Apple show hits the road
The MacBook Pro is just a laptop. But, like everything made by Apple, it has received the usual flurry of hype and excitement.
Like everything made by Apple, it will be copied and imitated. And, it will set the standard for a while; as the slimmer MacBook Air has with ultraportable laptop ranges.
This week there was another of the great Apple showmanship events called the Worldwide Developer Conference, where Apple tends to announce updates to both its OSX computer and iOS mobile operating systems.

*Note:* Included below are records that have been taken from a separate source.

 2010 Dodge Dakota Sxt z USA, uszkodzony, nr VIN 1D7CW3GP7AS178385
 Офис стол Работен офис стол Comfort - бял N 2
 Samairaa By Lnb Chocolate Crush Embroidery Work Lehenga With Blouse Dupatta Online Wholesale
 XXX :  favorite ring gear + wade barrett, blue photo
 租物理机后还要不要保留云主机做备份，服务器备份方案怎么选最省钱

The updates on both featured much more significant integration of Facebook and ways to work with Apple's iMessage and iCloud storage and sharing system.
The biggest news for the operating system, called iOS6, is that Google Maps have been ditched in favour of Apple's own mapping software, which features 3D maps and turn-by-turn navigation. It's a shot across the bows of Google, who used to provide the excellent maps app on iPhones but are clearly the enemy in the Apple versus Android ecosystem war that has evolved in the last few years as the two firms fight for smartphone ascendency.

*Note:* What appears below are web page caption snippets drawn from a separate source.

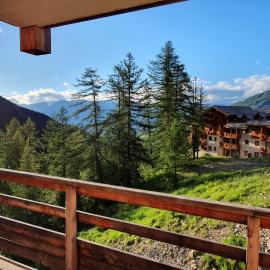 Appartement 3 étoiles 6 personnes les Orres 1800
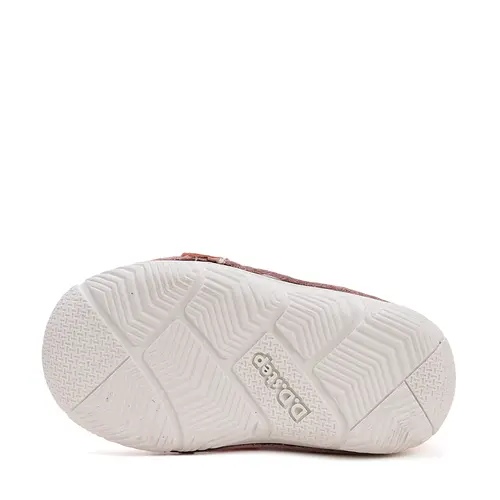 Pantofi fete, piele naturala, talpa flexibila, roz, inimioare, D.D. Step- S082-51834A-25-D.D. Step Pantofi fete, piele naturala, talpa flexibila, roz, inimioare, D.D. Step- S082-51834A-25-D.D. Step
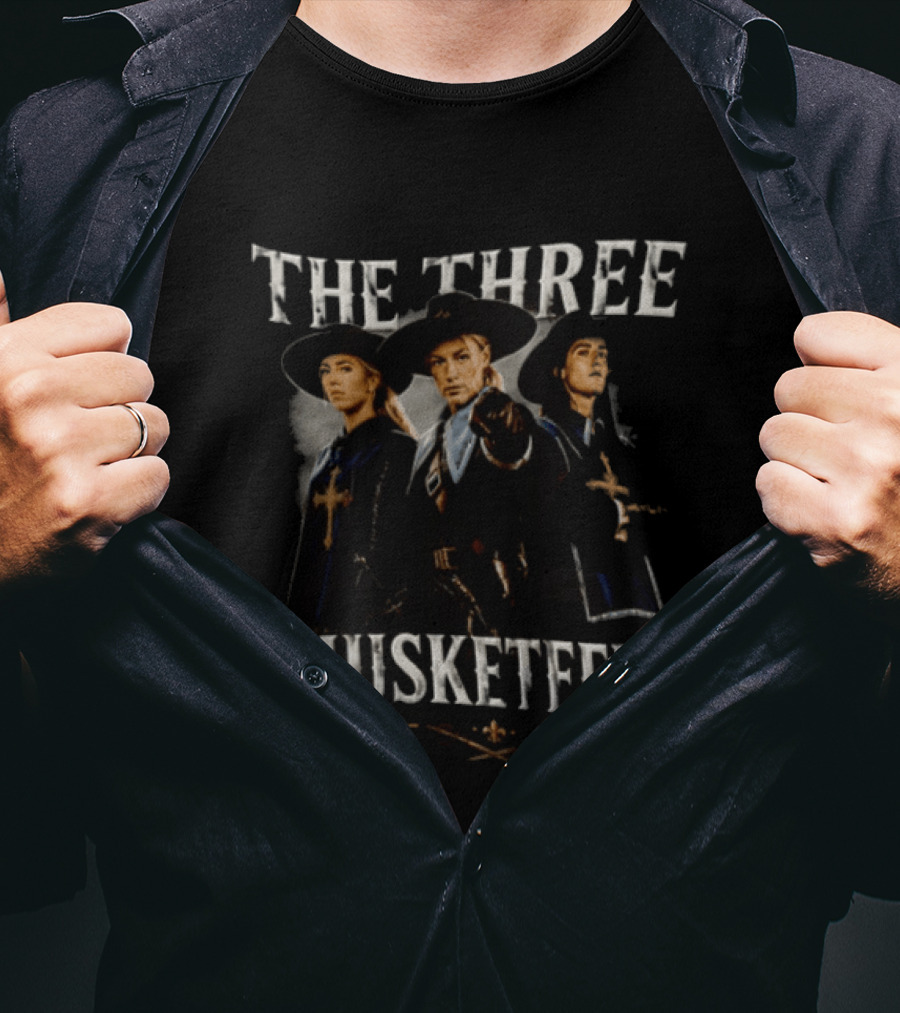 The Three Musketeers Indiana Fever Team T-Shirt
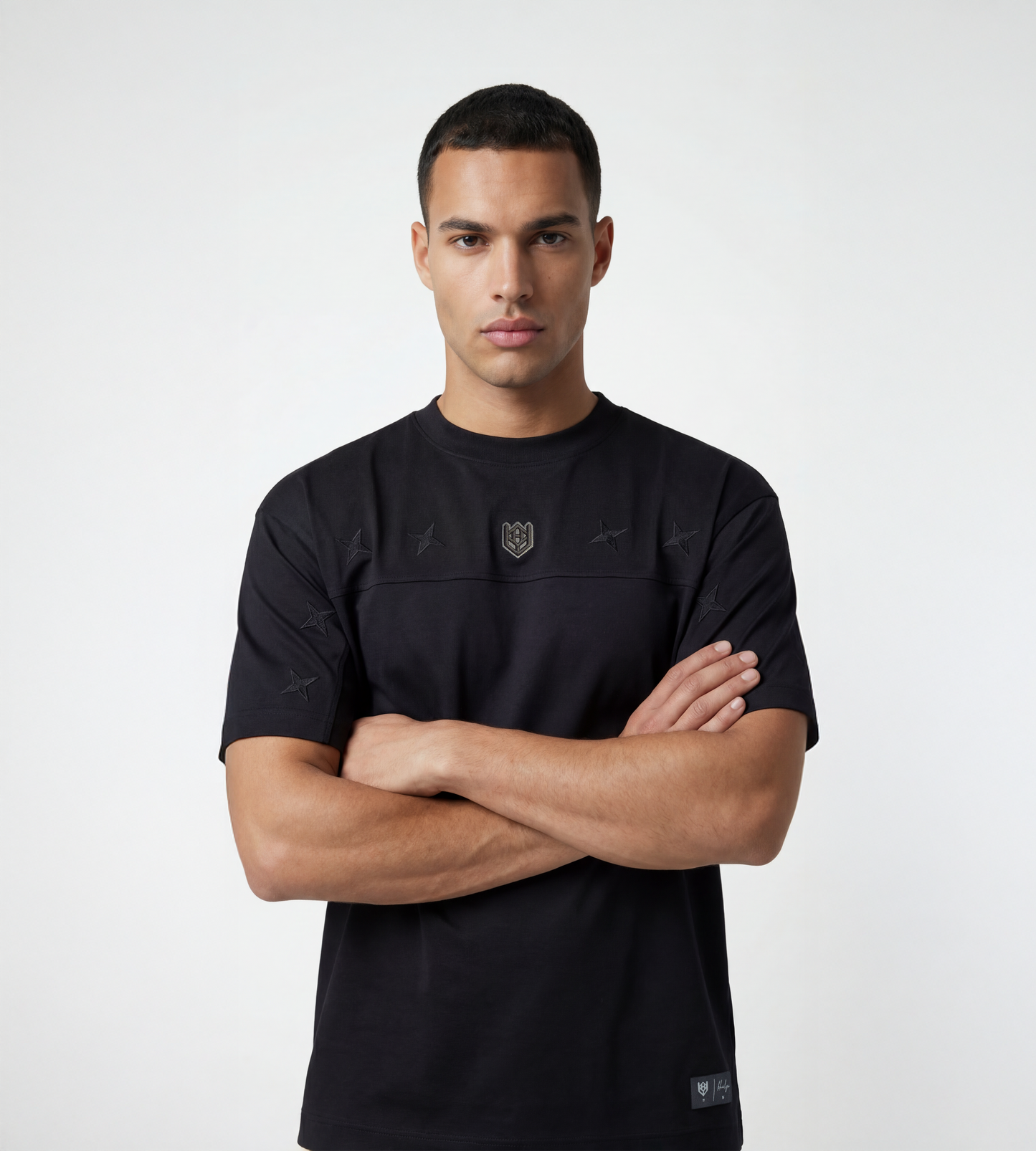 black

What is most interesting though is that the launch of Apple's new operating system, called OSX Mountain Lion, is scheduled for a similar timeframe as Microsoft's new Windows 8 in October.
The last time Microsoft had a big launch, Apple's late CEO Steve Jobs sneaked in an OSX update just before it and stole its thunder.
Samsung's timing of its own announcement of its new flagship smartphone, the Galaxy S3, came at an interesting point, just before the well-publicised Apple conference.
The line between mobile and desktop computer systems is blurring - Windows 8 will run on both laptops and tablets; while the mobile iOS functionality is moving over to OSX. It includes ways to share (including via the Apple TV) and a clever Power Nap app, which updates your e-mail, contacts and calendar.
The MacBook Pro is thinner, lighter and has a better camera - according to the Shapshak's First Law of Gadget Upgrades. While this was formulated for cellphone updates, it is as easily applicable to all Apple products as well as the new Galaxy S3.
The new MacBooks obviously have faster processors, better graphics and more storage; but the most pleasing thing is they now have USB3, which is the much faster data connection that is now standard across Windows computers.